• _Task statement_
Among the lines below, list those containing the string "Aufgenommen".

• _Extracted information_
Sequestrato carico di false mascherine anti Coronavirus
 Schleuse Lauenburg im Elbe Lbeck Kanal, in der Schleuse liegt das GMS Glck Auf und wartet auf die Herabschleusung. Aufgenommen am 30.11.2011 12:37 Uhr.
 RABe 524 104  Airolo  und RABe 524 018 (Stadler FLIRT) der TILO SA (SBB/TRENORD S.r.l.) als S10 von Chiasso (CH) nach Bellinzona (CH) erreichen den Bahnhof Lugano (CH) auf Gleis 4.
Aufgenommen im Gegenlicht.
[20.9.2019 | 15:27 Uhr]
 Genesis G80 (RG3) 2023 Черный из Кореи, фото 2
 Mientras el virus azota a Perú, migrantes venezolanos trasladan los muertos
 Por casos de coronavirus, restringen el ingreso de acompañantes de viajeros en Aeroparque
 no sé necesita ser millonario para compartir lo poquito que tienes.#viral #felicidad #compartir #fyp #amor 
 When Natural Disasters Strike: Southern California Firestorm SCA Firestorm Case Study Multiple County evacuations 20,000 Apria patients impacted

• _Exercise response_
 Schleuse Lauenburg im Elbe Lbeck Kanal, in der Schleuse liegt das GMS Glck Auf und wartet auf die Herabschleusung. Aufgenommen am 30.11.2011 12:37 Uhr.
Aufgenommen im Gegenlicht.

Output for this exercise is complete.